**YOUR INSTRUCTIONS**
Transcribe the entries below without changing a word, and omit every picture.

**WORKING DATA**

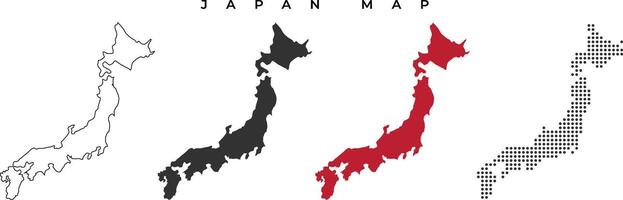 Japan map illustration in various style like outline, black, flag, and dotted vector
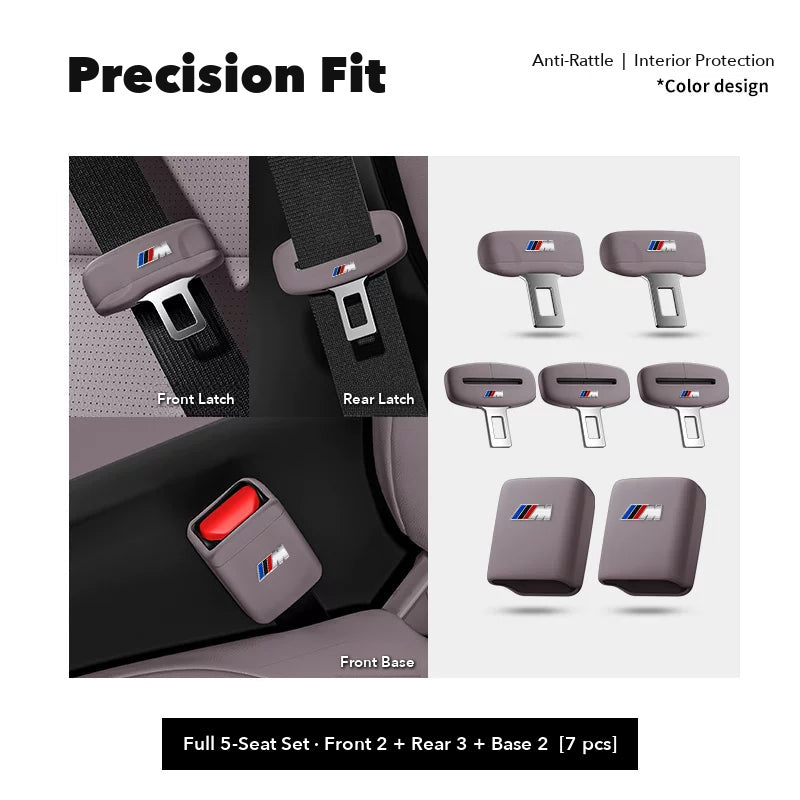 BMW M seat belt buckle covers – Full Car Set (7 pcs) – Mocha Brown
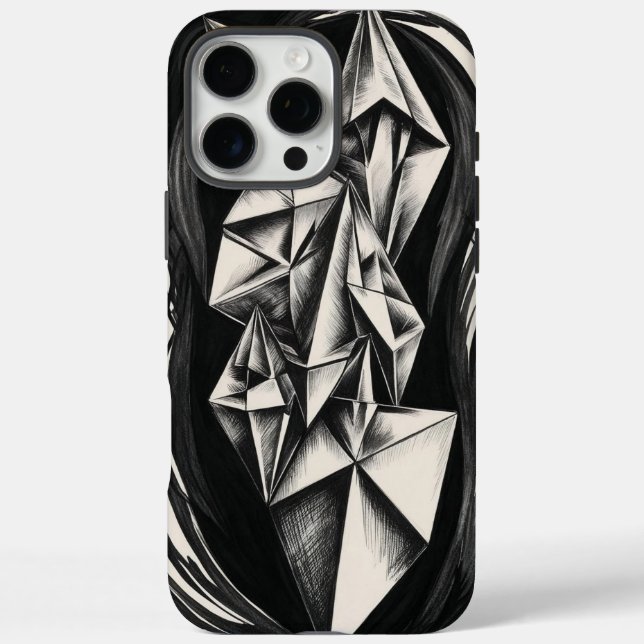 Coques Case-Mate iPhone Geometric Crystal Black and White iPhone Case (Verso)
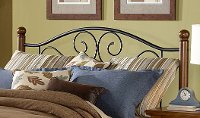 B9227-5 Black & Walnut Queen Headboard - Doral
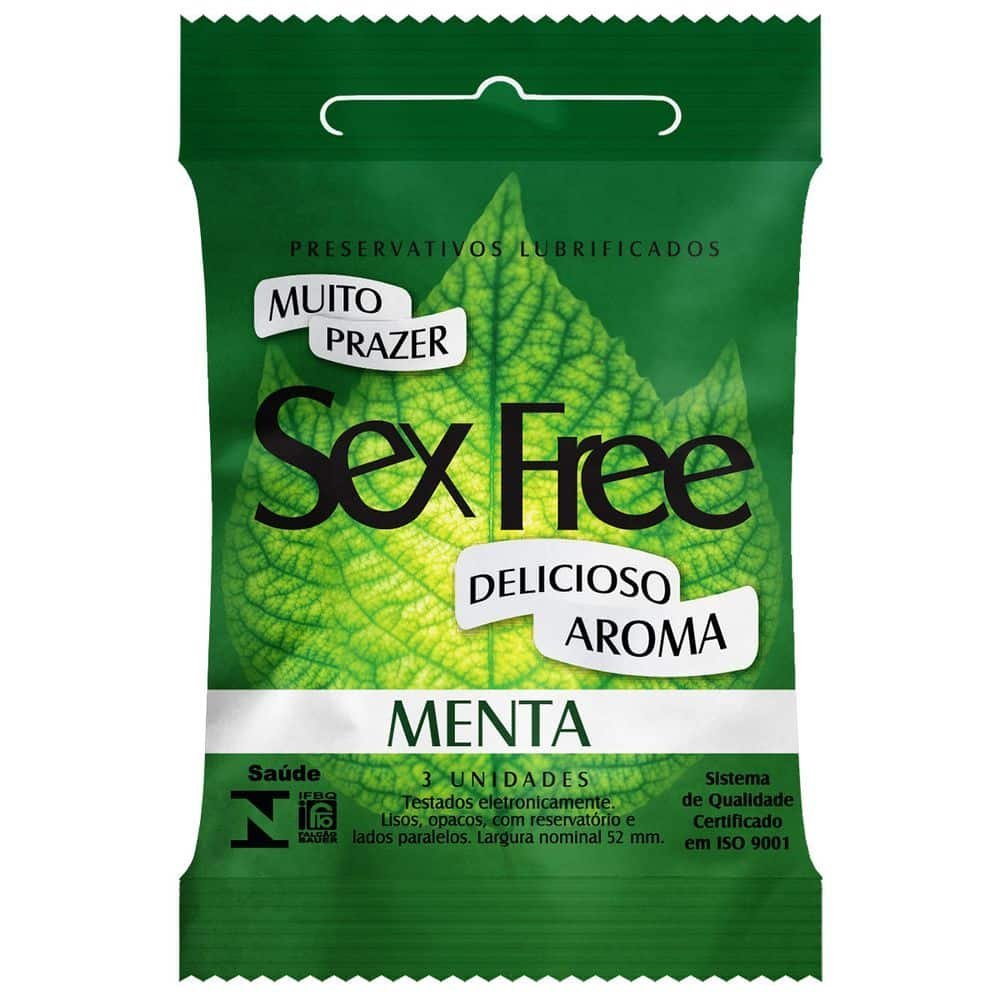01108-Menta_1.jpg Preservativos Lubrificados Aromáticos Menta Com 3 Unidades Sex Free - Imagem 1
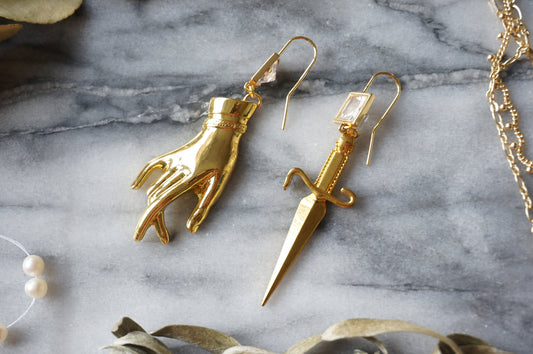 Gold Dagger and Tarot Hand Mismatched Crystal Earrings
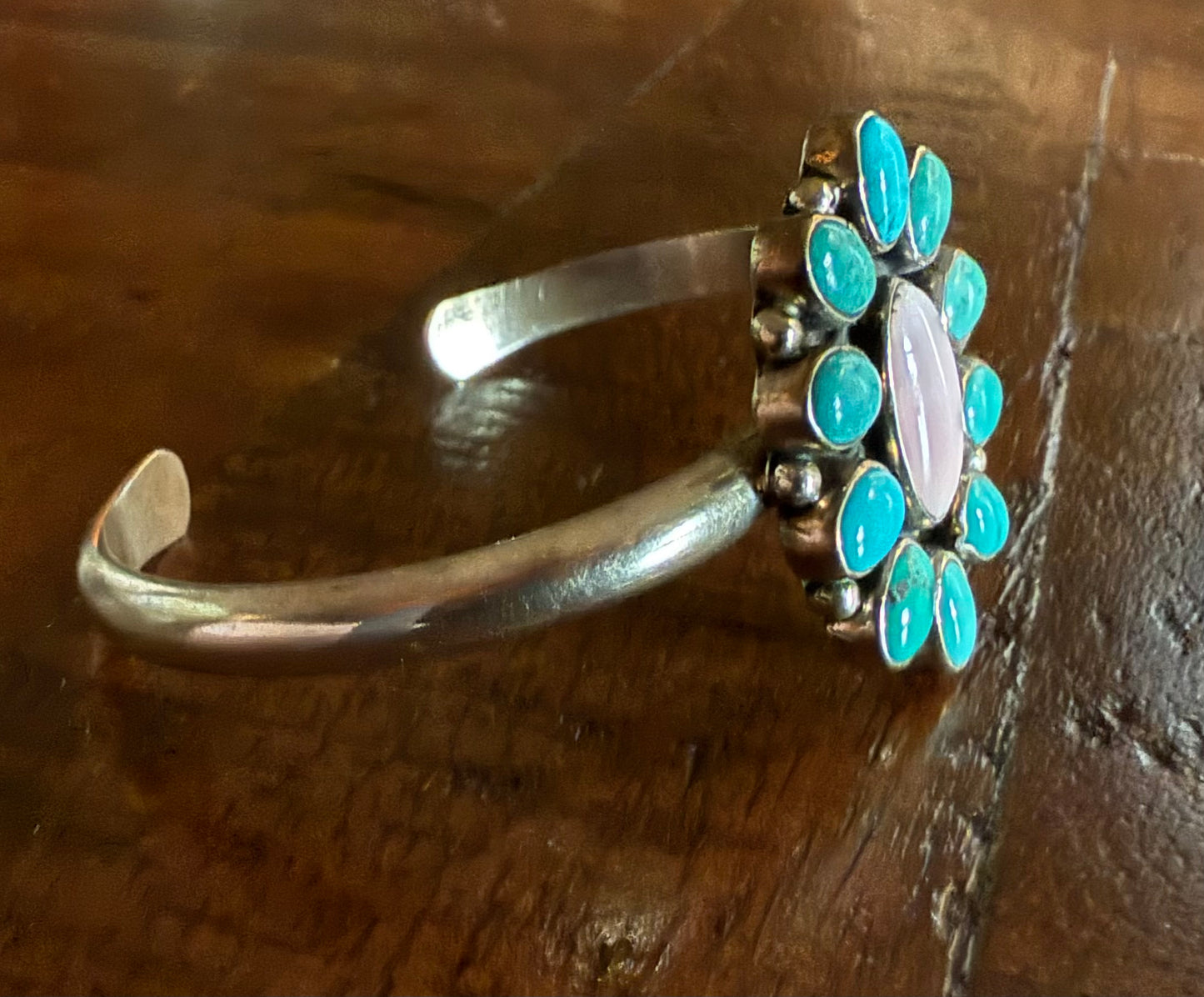 Sterling Turquoise and Pink Conch Cuff Bracelet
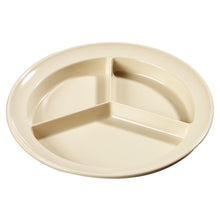 Load image into Gallery viewer, Tan All Purpose Medium Weight Gloss Finish Kingline 8 3/4 inch 3-Compartment Plate 1 1/4 inch Deep - 12 per case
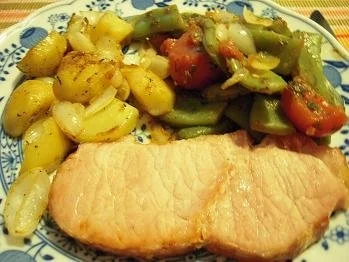 Stangenbohnen mit Tomaten, Kartöffelchen und Minutenkassler - Rezept - Bild Nr. 9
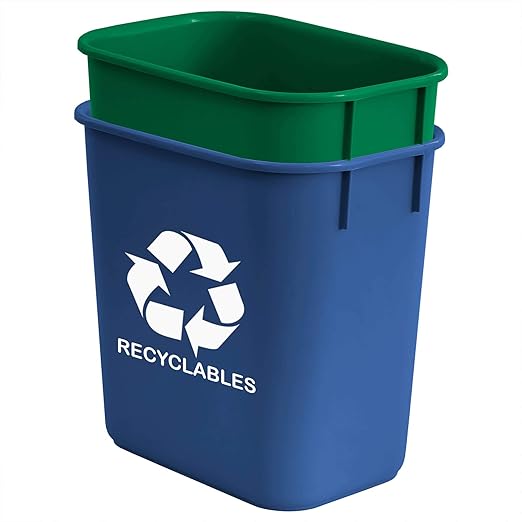 Acrimet Wastebasket Bin for Recycling and Waste, 3.25 Gallon/ 13 Quart/ 12 Liter (Plastic) (Green and Blue) (Set of 2)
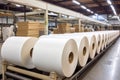 lengthy rolls of laminated paper on spools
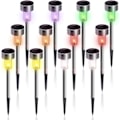 Miniatyrbillede 1 af 4: Havedekoration Lys LED Solcelle Have Lys 12stk Rustfrit Stål Vandtæt Solcelle Lampe Ideel til Udendørs, Terrasse, Plæne, Have, Haver og Gangstier,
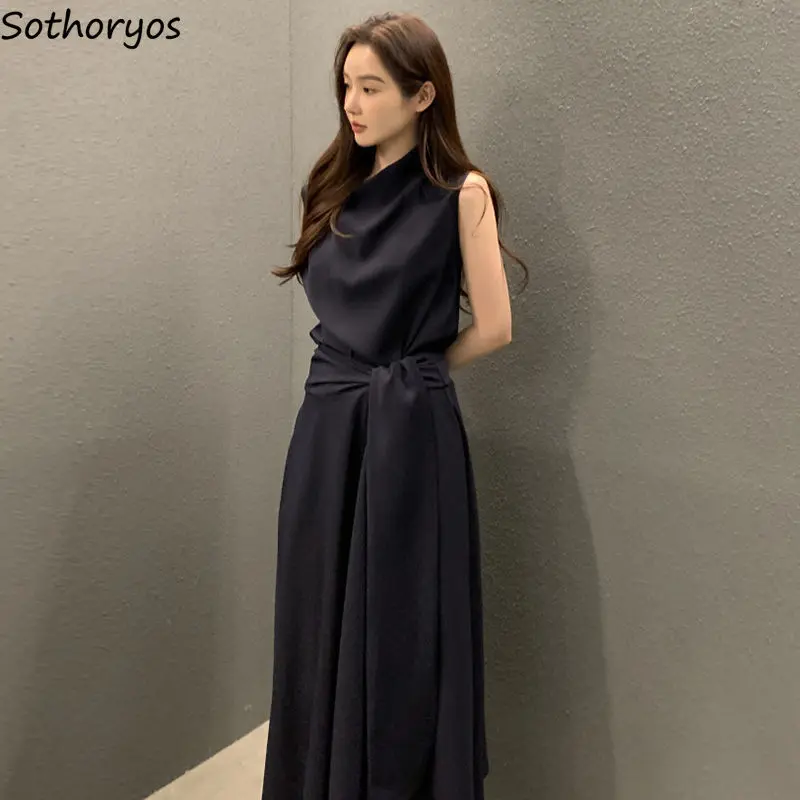 

Women Dress French Elegant Pile Collar Bandage Tender Defined Waist Vestidos Midi Pure Simple Office Lady Trendy Summer Clothes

**RESPONSE TO THIS EXERCISE**
 Japan map illustration in various style like outline, black, flag, and dotted vector
 BMW M seat belt buckle covers – Full Car Set (7 pcs) – Mocha Brown
 Coques Case-Mate iPhone Geometric Crystal Black and White iPhone Case (Verso)
 B9227-5 Black & Walnut Queen Headboard - Doral
01108-Menta_1.jpg Preservativos Lubrificados Aromáticos Menta Com 3 Unidades Sex Free - Imagem 1
 Gold Dagger and Tarot Hand Mismatched Crystal Earrings
 Sterling Turquoise and Pink Conch Cuff Bracelet
 Load image into Gallery viewer, Tan All Purpose Medium Weight Gloss Finish Kingline 8 3/4 inch 3-Compartment Plate 1 1/4 inch Deep - 12 per case
 Stangenbohnen mit Tomaten, Kartöffelchen und Minutenkassler - Rezept - Bild Nr. 9
 Acrimet Wastebasket Bin for Recycling and Waste, 3.25 Gallon/ 13 Quart/ 12 Liter (Plastic) (Green and Blue) (Set of 2)
 lengthy rolls of laminated paper on spools
 Miniatyrbillede 1 af 4: Havedekoration Lys LED Solcelle Have Lys 12stk Rustfrit Stål Vandtæt Solcelle Lampe Ideel til Udendørs, Terrasse, Plæne, Have, Haver og Gangstier,

Women Dress French Elegant Pile Collar Bandage Tender Defined Waist Vestidos Midi Pure Simple Office Lady Trendy Summer Clothes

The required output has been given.